Exchange Server clustering has been with us since Exchange Server 5.5 but left Exchange Administrators having to know the complexities of Microsoft Clustering and Microsoft Exchange in order to support it. With the advent of Exchange Server 2007 Microsoft introduced new clustering options to the Exchange server product line that gave messaging architects increased flexibility in deploying highly available systems, but there were still limitations such as:
- Site failover was not seamless due to the DNS TTL.
- Fail over could take minutes.
- There are scenarios where message loss could occur.
- The cluster had to be built before the installation of Exchange. If a cluster was required after the installation of Exchange another server had to be built.
- Failover was restricted to the server level so if one database failed then all databases failed over.
Microsoft are acknowledging with Exchange Server 2010 that the configuration and support of the Windows Cluster required additional skill sets and added complexity to the server build and ongoing support. With Exchange Server 2010 Exchange clustering as we know it and replaced it with the Database Availability Group (DAG) which combines and improves on the best parts of the CCR and SCR technologies from Exchange Server 2007. The benefits of a DAG are as follows:
- Allows multiple copies of the same database on different servers
- Failover is at the database level.
- Failover time is around 30 seconds.
- Better tracking of the delivery of messages and only uncommitted messages are retained in the Hub Dumpster.
- High availability options can be deployed after initial install.
To assist with the creation of the Database Availability Group there has been another fundamental change to Exchange Server 2010 which is that the MAPI end point for Outlook access has now been moved onto the CAS role, this provides users with a single access point for client requests no matter which server their mailbox is active on. For multiple CAS server deployments a CAS array needs to be configured which I have talked about in a previous post.

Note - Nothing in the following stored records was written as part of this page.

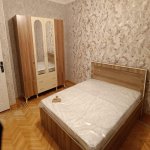 Kirayə (aylıq) 2 otaqlı Köhnə Tikili, Avtovağzal metrosu, Biləcəri qəs., Binəqədi rayonu 3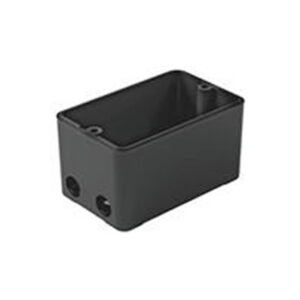 Zcd-03B Elektromanyetik Buton İçin Kutu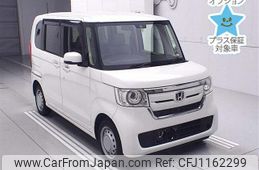 honda n-box 2018 -HONDA--N BOX JF4-1003210---HONDA--N BOX JF4-1003210-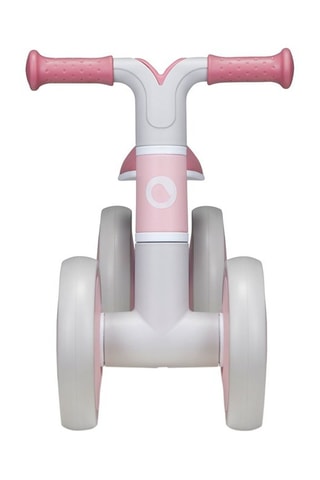 Loopauto Villy - Roze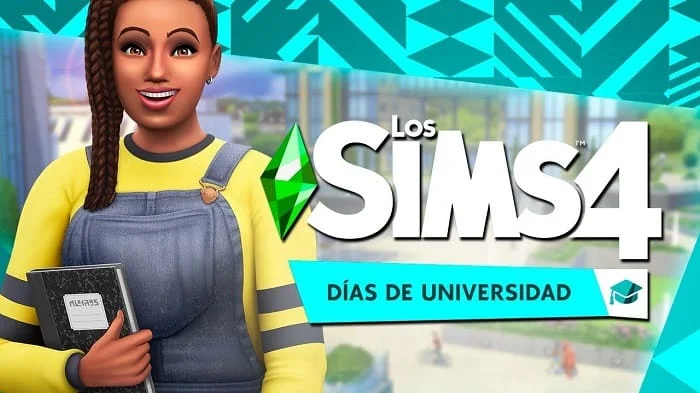 Días de Universidad descargar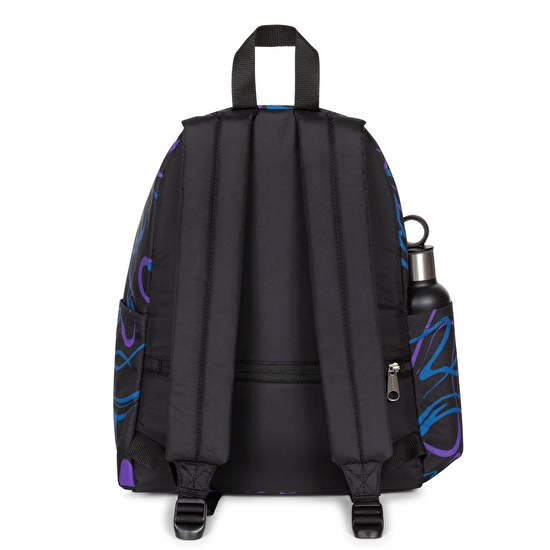 Eastpak DAY PAK'R TRASHY SKATE BLACK SIRT ÇANTASI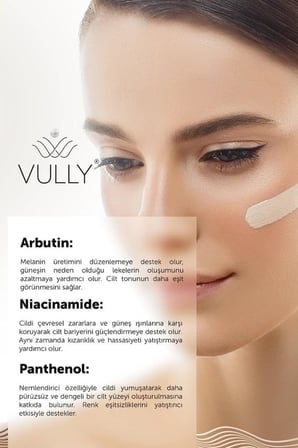 Leke Karşıtı Cilt Tonu Eşitleyici Renkli Kapatıcı Etkili Yüksek Koruyucu Spf+50 Güneş Kremi 50 ml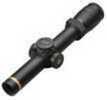 Leupold VX-5HD Rifle Scope 1-5x24mm 30mm CDS-ZL2 FireDot Duplex Reticle Matte Finish 172367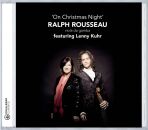 Rousseau Ralph / Lenny Kuhr - On Christmas Night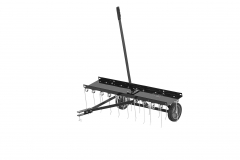 Rasenkamm/ Entmoser 100 cm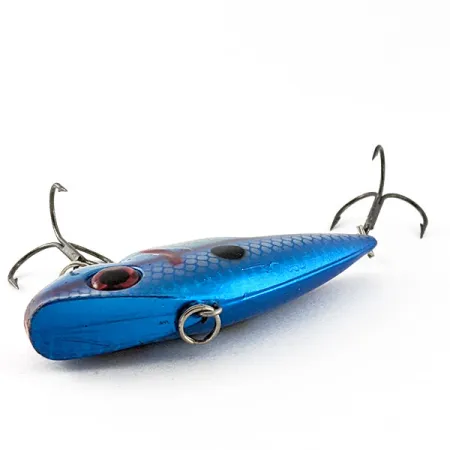 Strike King Red Eye Shad, Blue, 14 г, воблер #20539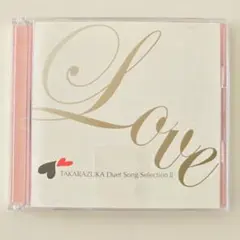 TAKARAZUKA Duet Song Selection 2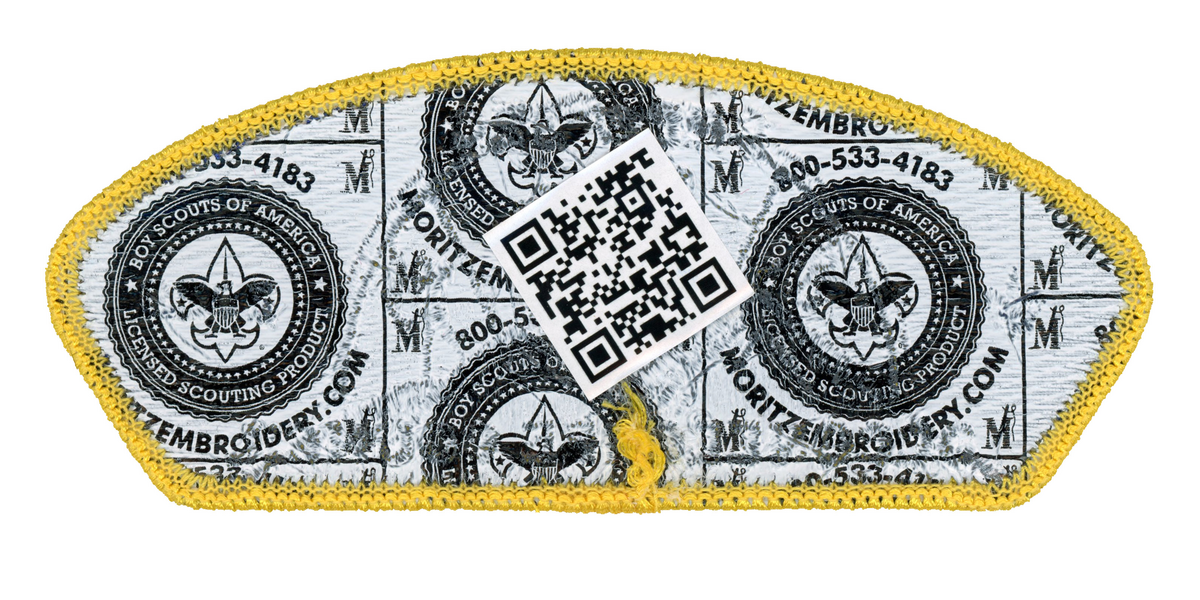 Occoneechee SZ-320-8 (back)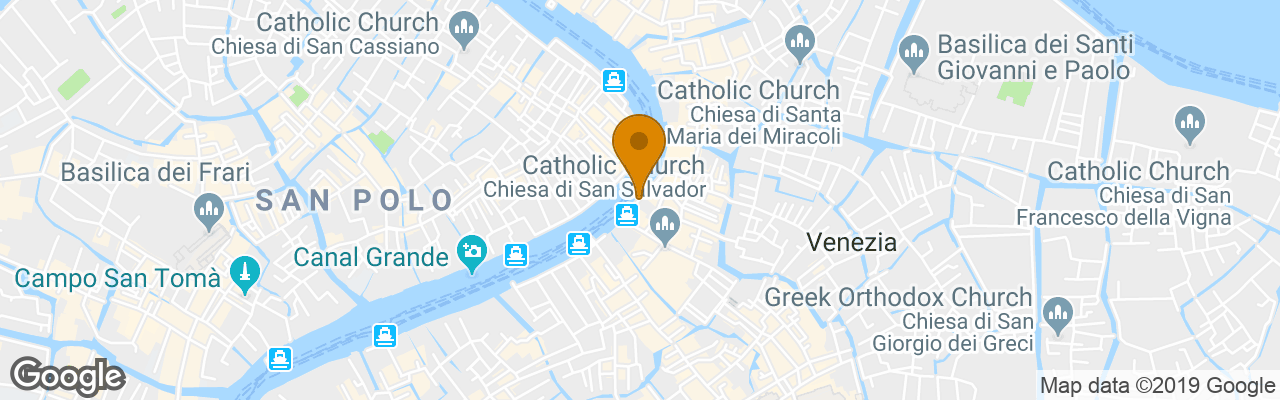 Hotel Appartamento Rialto 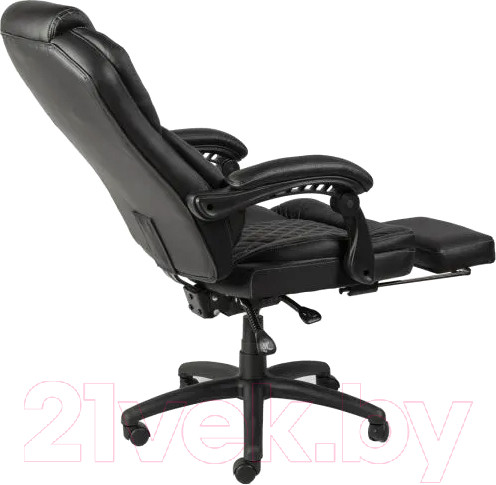 Изображение товара Кресло офисное Меб-ФФ MF-3060 (черный)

As previously mentioned the DAG is configured after initial install and still uses components from Windows failover-clustering however the difference now is that Exchange Server will configure the clustering options that it needs for you as part of the DAG creation so the Exchange engineer only needs to know how to configure the DAG.

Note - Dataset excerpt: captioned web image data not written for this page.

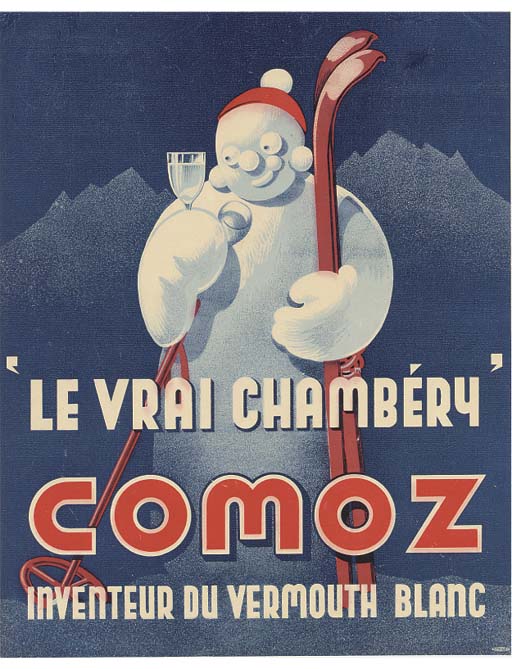 COMOZ 
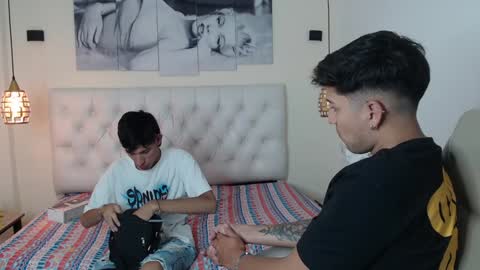 FER PHOENIX online show from 01-27-25, 03:26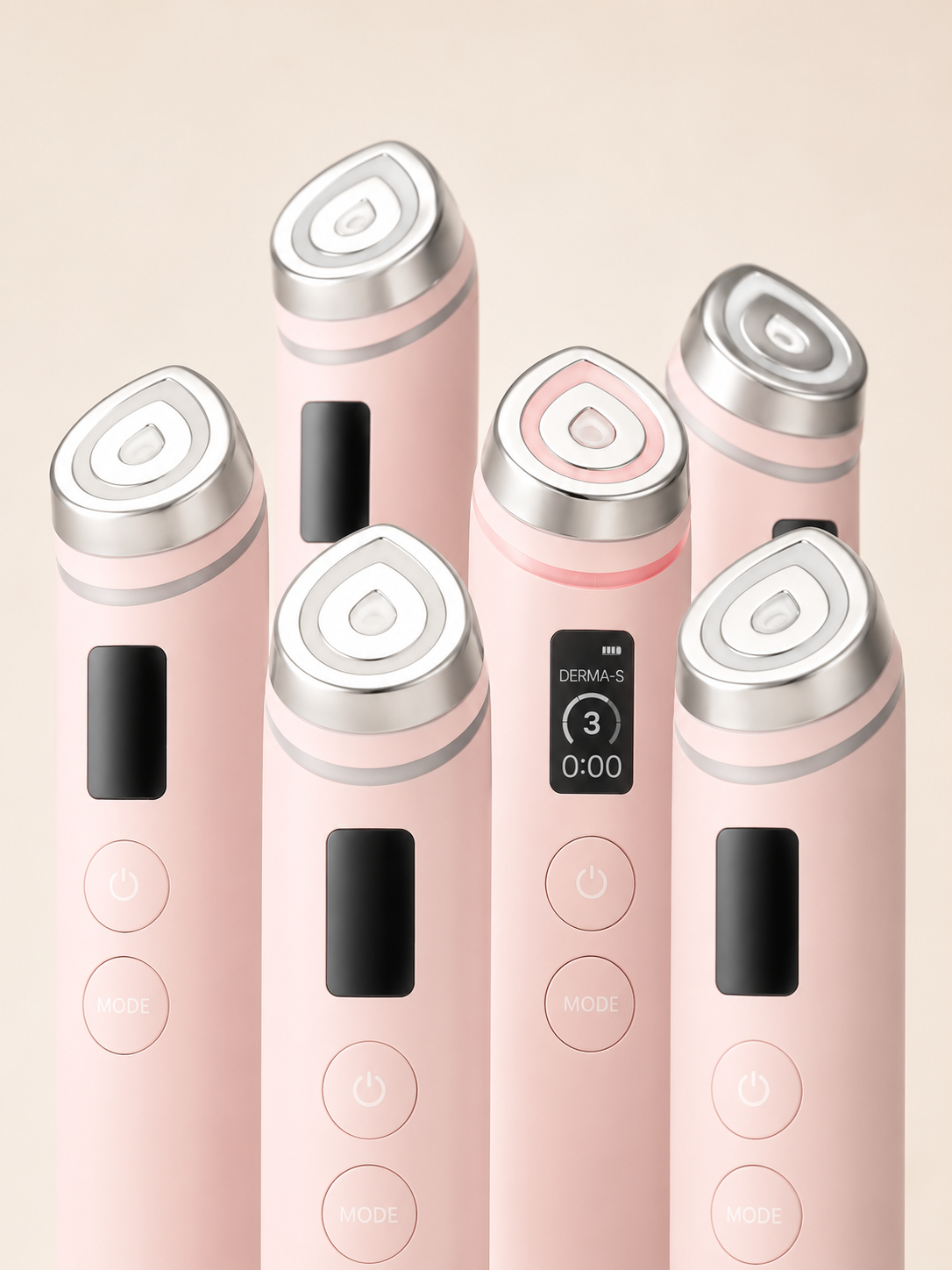 N°01 Skin Device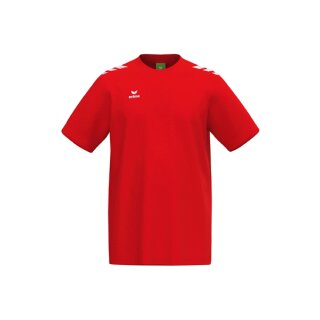 CMPT 3 Wings T-Shirt rot/weiß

Database availability groups can consist of up to 16 servers and within each DAG there can be up to 16 copies of any given mailbox database. The DAG uses the log shipping technology introduced with Exchange server 2007 to maintain copies of the database on multiple servers for which differing log replay times can be configured (up to 1 week lag).
Each copy of the database is given a “Preferred List Sequence Number”, this is essentially tells the CAS server in which priority it should try and connect to the database and also the order in which the DAG will try to fail over to the next copy of the database, so if the database with Sequence Number 1 fails, the DAG will bring the database with Sequence Number 2 online and so on. The CAS server will then route requests for that database to server with the online copy of the database.
So in the diagram above if the database DB1 on Server 1 goes offline then the Database Availability Group will automatically bring the DB1 database copy on Server 2 online and so on with Server 4 should the database on Server 2 not be available. A time of around 30 seconds is being mentioned for a database copy to be brought online by the DAG.
The diagram above shows a four server DAG with copies of the database distributed across the servers. The general advice currently from Microsoft is to have fewer large DAG’s rather than a large number of smaller DAG’s. The database does not have to be replicated to all or any servers depending on requirements. In distributed environments the placement of database copies could be quite important.
As the client is now connecting in via the CAS server, they should not experience any disconnection from the server but there will be a short outage will the database copy is brought online.
With respect to Public Folder databases, these are not replicated between servers by the Database Availability Group. Public Folder high availability still relies on Public Folder Replication between servers.
With regard to the Hub Transport Dumpster this has also been optimized for the new failover model and messages are only retained in the dumpster until it is recorded that the message has been replicated to all database copies, this assists with bringing the database copies online as only messages that have not been replicated need to be requested from the Dumpster.